> **Problem statement**
The word "image" may appear in the records below. Report how many lines contain it, and write nothing besides the number.

> **Input for this task**
********

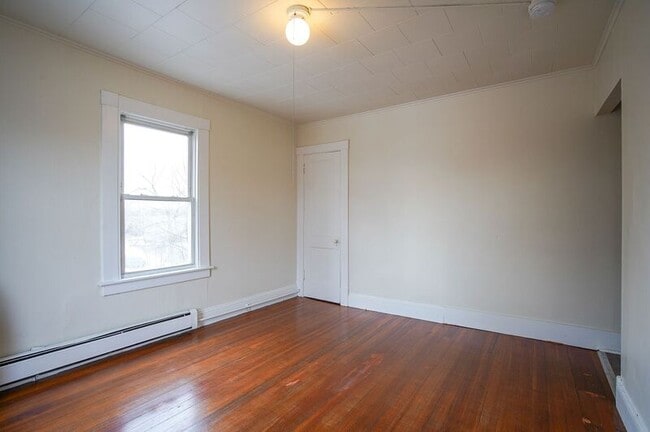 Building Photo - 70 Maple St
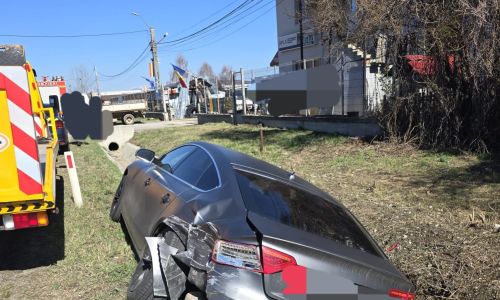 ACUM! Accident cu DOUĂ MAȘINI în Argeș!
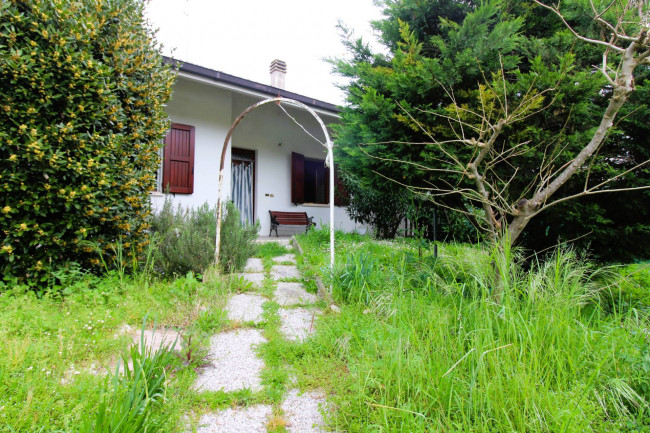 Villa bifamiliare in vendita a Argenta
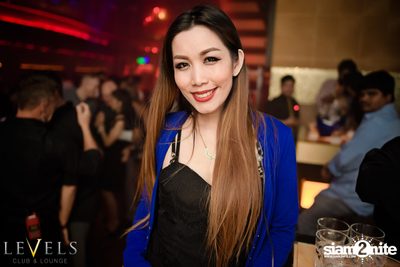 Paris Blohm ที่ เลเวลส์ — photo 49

********

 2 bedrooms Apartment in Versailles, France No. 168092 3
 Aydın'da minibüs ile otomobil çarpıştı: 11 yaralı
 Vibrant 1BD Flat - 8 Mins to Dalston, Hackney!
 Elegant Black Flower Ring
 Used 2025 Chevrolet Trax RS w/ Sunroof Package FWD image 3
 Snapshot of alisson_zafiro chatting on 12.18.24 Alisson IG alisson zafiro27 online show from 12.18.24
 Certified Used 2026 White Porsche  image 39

********

> **Written solution**
2